(Directions) Reproduce exactly the first line of the material below and every line after it, ending with the line that contains "The square root function". No pictures should be copied.

(Given records)

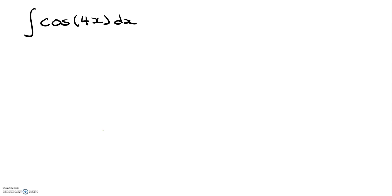So for this particular integral, we're going to want to do a u substitution. And what we're going to want to substitute u for is for this inside part of the cosine. So we're going to set u equal to 4x.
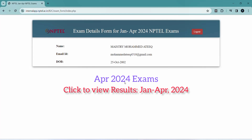Below your details, it will show a link that says 'Click to view results Jan-April 2024.' Click on that link and it will redirect you to your NPTEL results. If they are released, they will show; otherwise it will show only your photo and the exam date.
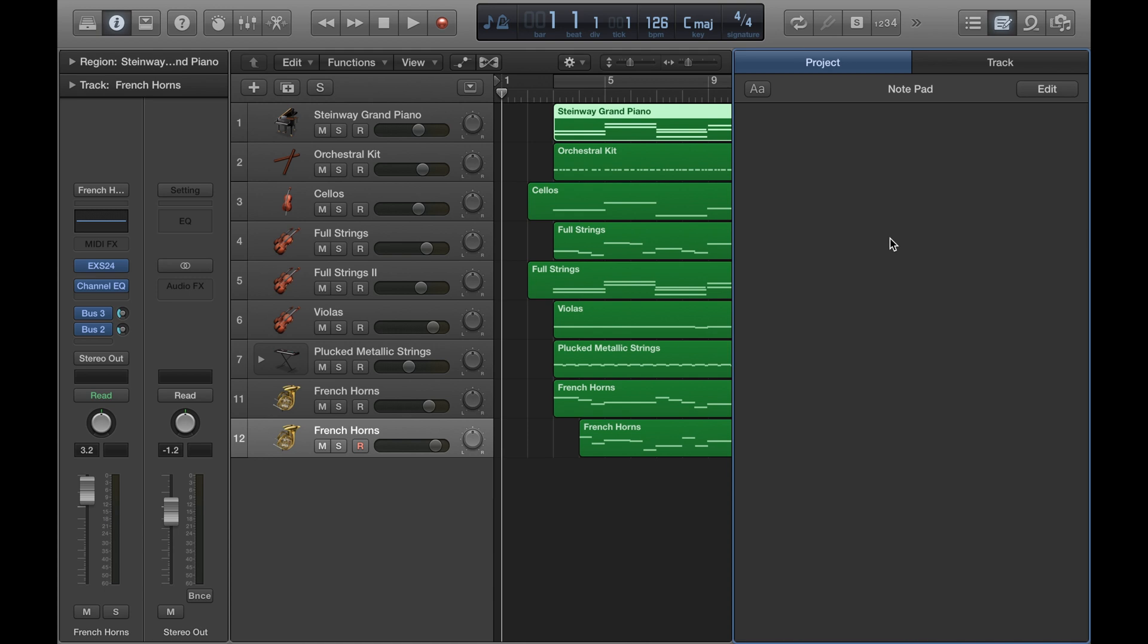And then you can make any notes that you want here. You can jot down things that you've already completed, things that you still need to do, things you still need to work on in a project. Something that I tend to do is I write down the last thing that I was working on before I close the project so I remember where to go back to when I start working on the project again.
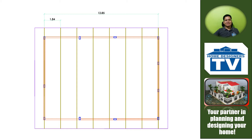Next, 12.85 divided by 7 equals 1.84 — therefore the distance between two rafters is 1.84 meters. This spacing applies to all rafters. In total, we have eight rafters: 1, 2, 3, 4, 5, 6, 7, and 8.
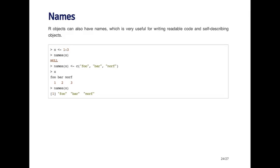So for example, I'm creating a vector that's an integer sequence one, two, three. And by default, there's no name. So when I call the names function on x, it gives me a null value.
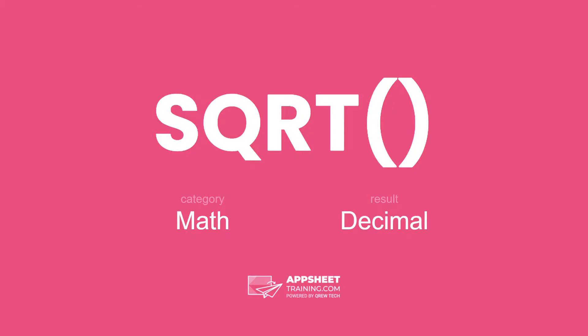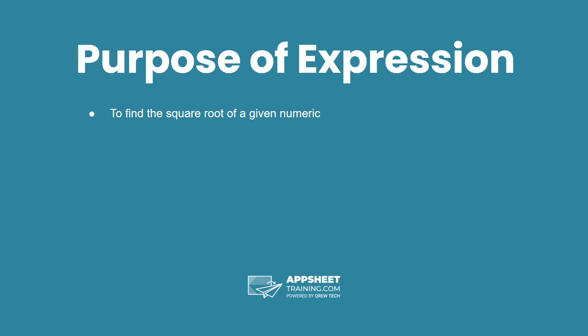The square root function is in the category math and has a result of a decimal data type. The purpose of this expression is to find the square root of a given numeric.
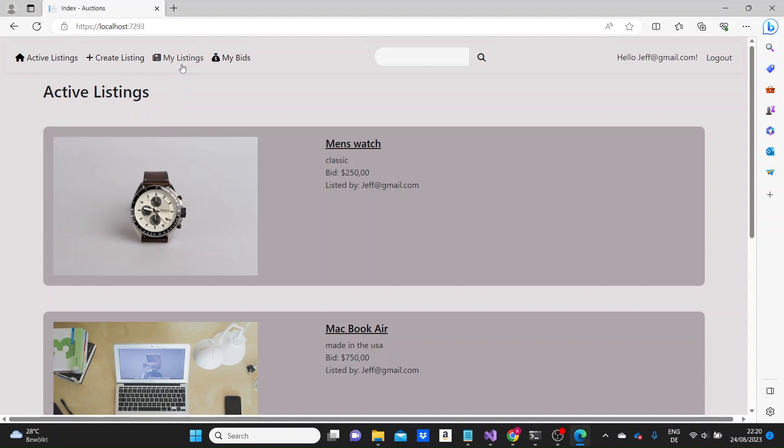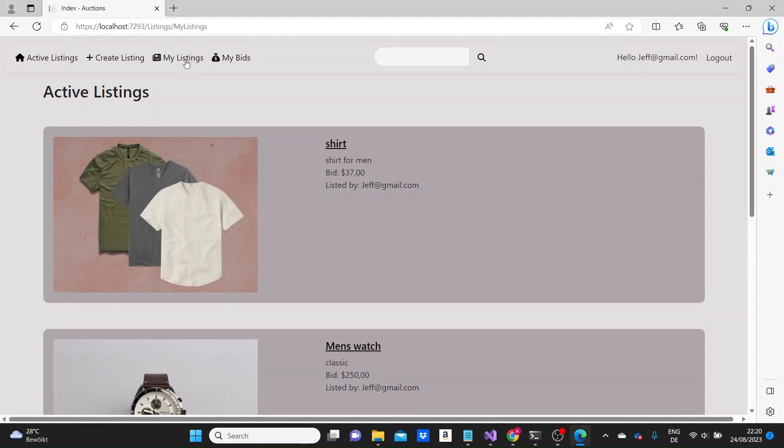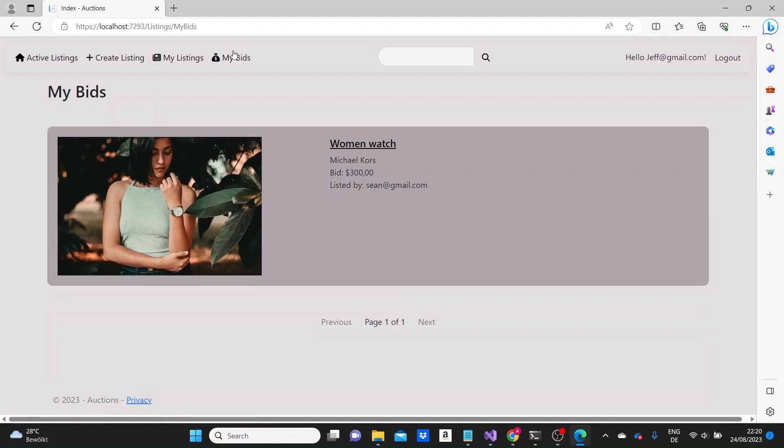Each user will have the option to see their own listings and the listings they have bid on by simply going to the corresponding link in the navigation menu.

(Written solution)
So for this particular integral, we're going to want to do a u substitution. And what we're going to want to substitute u for is for this inside part of the cosine. So we're going to set u equal to 4x.
Below your details, it will show a link that says 'Click to view results Jan-April 2024.' Click on that link and it will redirect you to your NPTEL results. If they are released, they will show; otherwise it will show only your photo and the exam date.
And then you can make any notes that you want here. You can jot down things that you've already completed, things that you still need to do, things you still need to work on in a project. Something that I tend to do is I write down the last thing that I was working on before I close the project so I remember where to go back to when I start working on the project again.
Next, 12.85 divided by 7 equals 1.84 — therefore the distance between two rafters is 1.84 meters. This spacing applies to all rafters. In total, we have eight rafters: 1, 2, 3, 4, 5, 6, 7, and 8.
So for example, I'm creating a vector that's an integer sequence one, two, three. And by default, there's no name. So when I call the names function on x, it gives me a null value.
The square root function is in the category math and has a result of a decimal data type. The purpose of this expression is to find the square root of a given numeric.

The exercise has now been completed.